Don’t look now, but retired landscape architect Jon Mueller’s at it again, writing another local history of significance. In 2017, he published “Private Park, Public Park,” a history of City Park that’s tied to our town’s beginnings. Now, he’s expanding Chapter 7 of that book to describe how F.A. Blackwell, J.P. Graves, and the who’s who of that day developed a rail park system, connecting parks in Spokane and Kootenai County to promote tourism. Stay tuned.

Huckleberries

• Poet’s Corner: Coeur d’Alene Ironman may be pushed back from June 28 to Sept. 6 this year, and it’s the 70.3 version, but The Bard of Sherman Avenue has framed it in rhyme any way: “It takes a mighty ride/to complete the Ironman, /required are thighs of steel /and of course an iron can” — The Bard of Sherman Avenue (“112 Miles on Bike.”)

• Forty-five years ago, this coming Sunday, Mrs. O and I swapped “I do’s.” And she joined me in an adventure linked together by seven newsrooms in three states. I got the better of the deal. To paraphrase Jack Nicholson’s character in “As Good As It Gets,” she still makes me want to be a better man.

• Has it really been eight years, minus one day, since Mary Souza & Co. failed to collect enough signatures to force recall elections for Mayor Sandi Bloem and council members: Deanna Goodlander, Mike Kennedy, and Woody McEvers?

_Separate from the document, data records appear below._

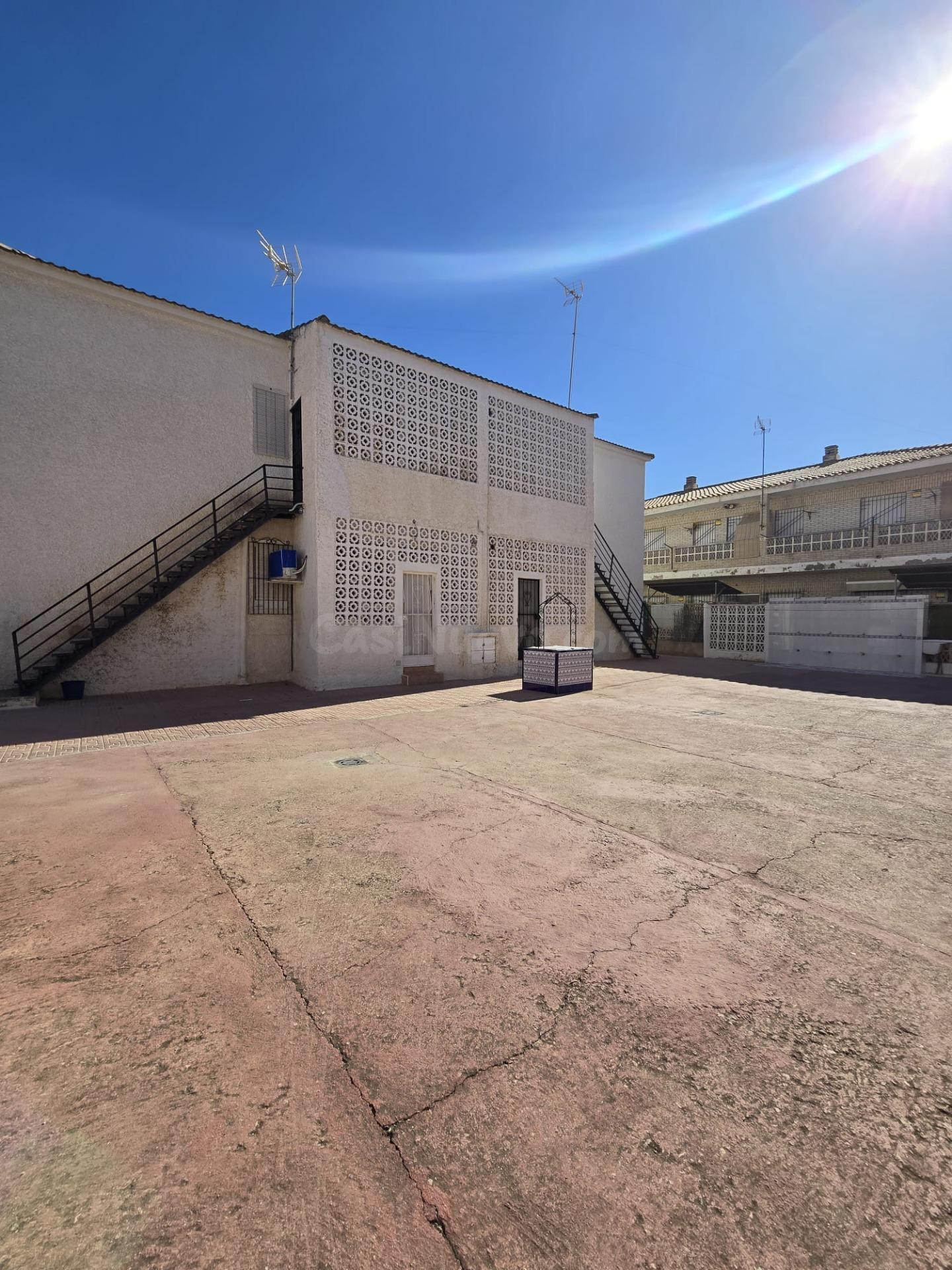 A escasos metros de la playa, amplia y luminosa vivienda con - foto 4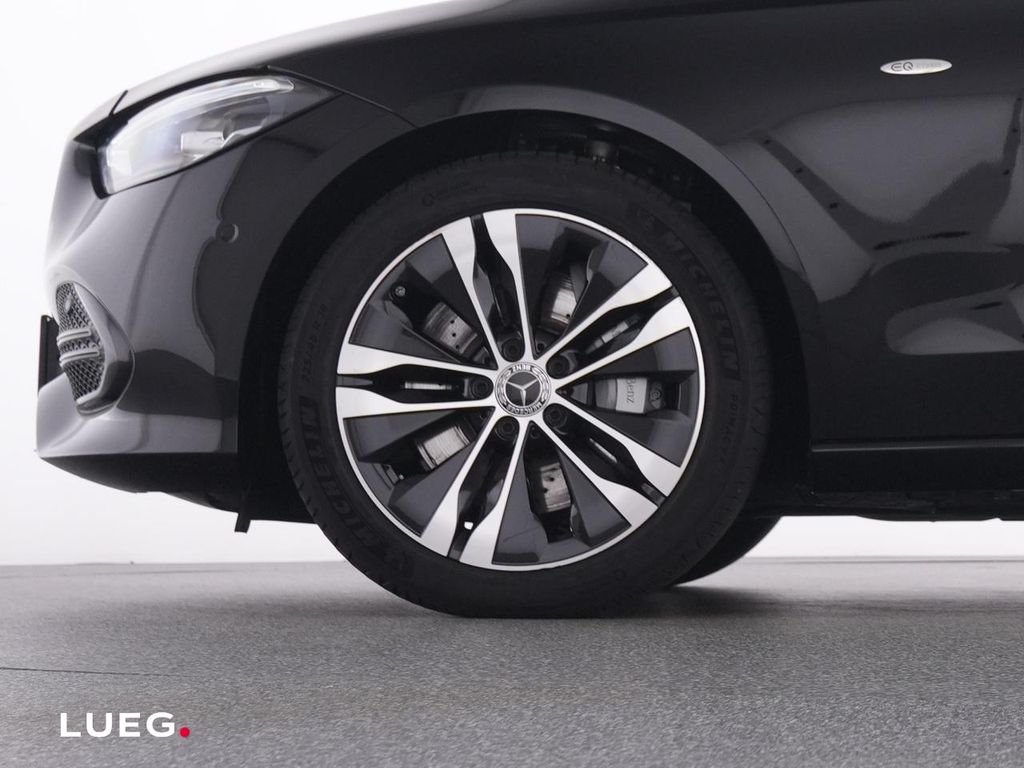 Mercedes-Benz C 300 2025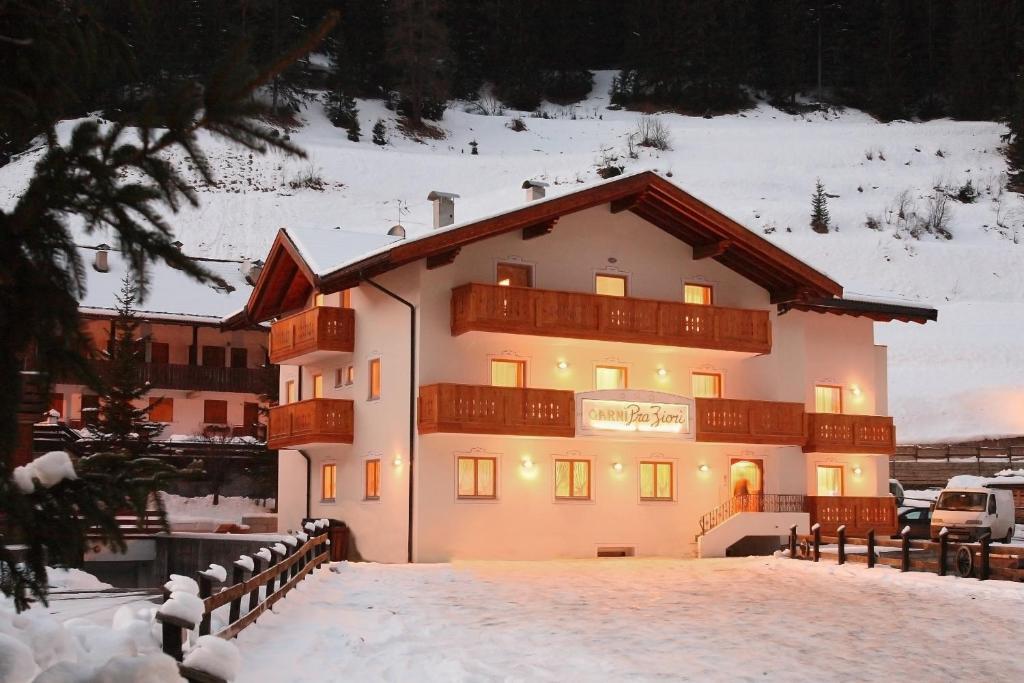 Hotel Garni Pra Fiori Campitello di Fassa Exterior foto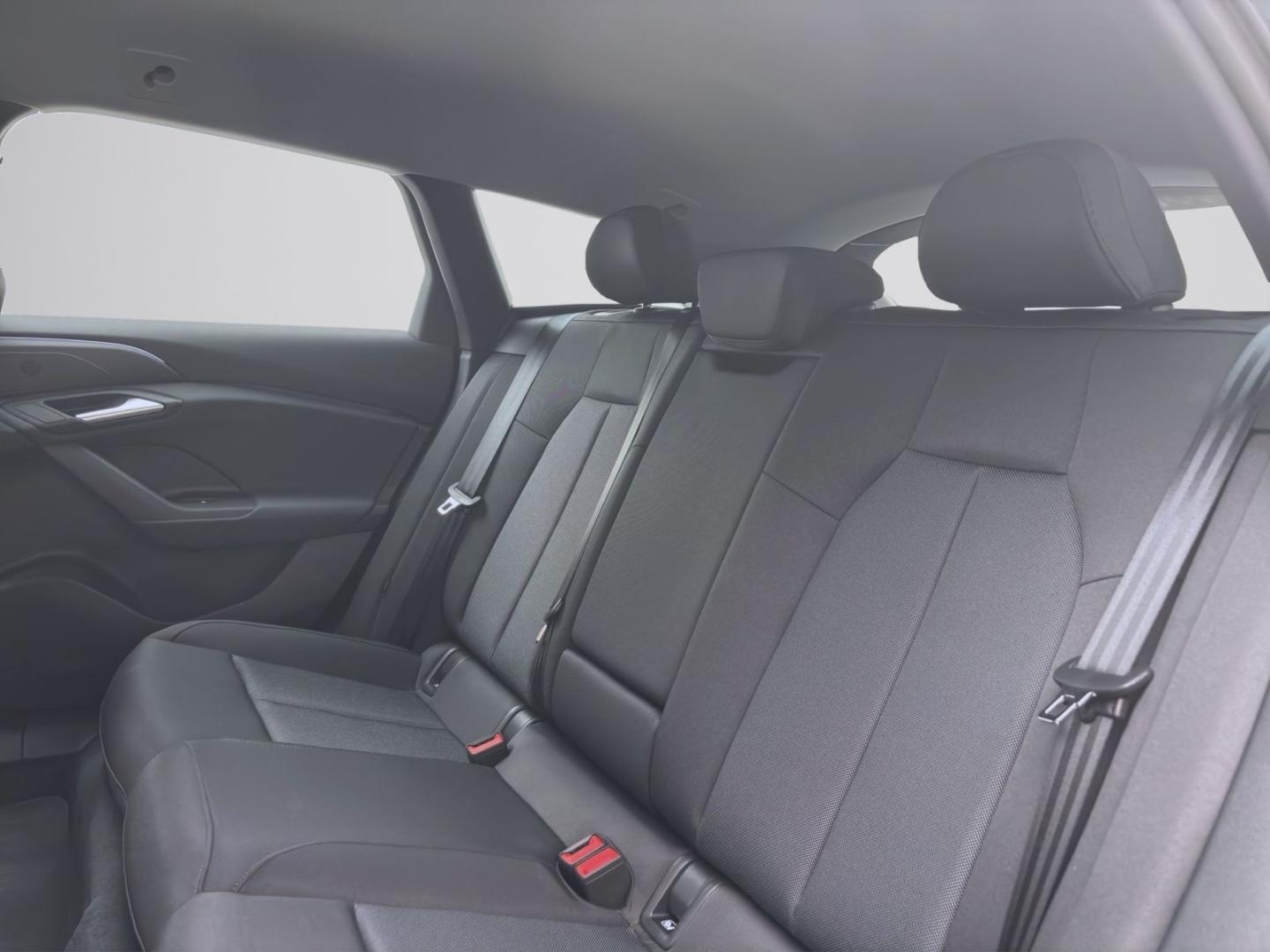 Bild über Audi A6 Avant e-tron e-tron - für weitere Informationen kontaktieren Sie den Audi Partner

And what did the four do wrong? They banded together on a series of 4-3 votes to push through the McEuen Park overhaul without an advisory vote. And this community is better off for their courage.

• Occasionally, I hear of a bumpersnicker that would look good on my 1999 Toyota 4Runner. Shelly Robins Zollman, of Coeur d’Alene, spotted one on a GMC Sierra pickup in downtown CdA: “I may be getting old but I’ve seen all the best bands.”

• Sign of the Times: The Davis Donuts reader board is worth quoting again this week: “Don’t always follow the masses because sometimes the M is silent.”

• Bumpersnicker (on a gray Toyota Tundra at Spokane Street and I-90 Sunday, with an accompanying 2nd Amendment sticker): “Mamas, don’t let your babies grow up to be Democrats.” OK, it’s funnier if you’re a Republican.

Parting Shot

Leave it to the wise guys on my Facebook page to point out the obvious in the title to Robert Singletary’s top-notch pictorial history of our town: “Coeur d’Alene: Beautiful and Progressive.” Sez Bill Will of Olympia, Wash., via Priest River: “Why hasn’t this one been confiscated and burned for having ‘progressive’ in the title? That’s a code word for ‘Commie,’ ya know!” And you thought Progressive was an insurance company.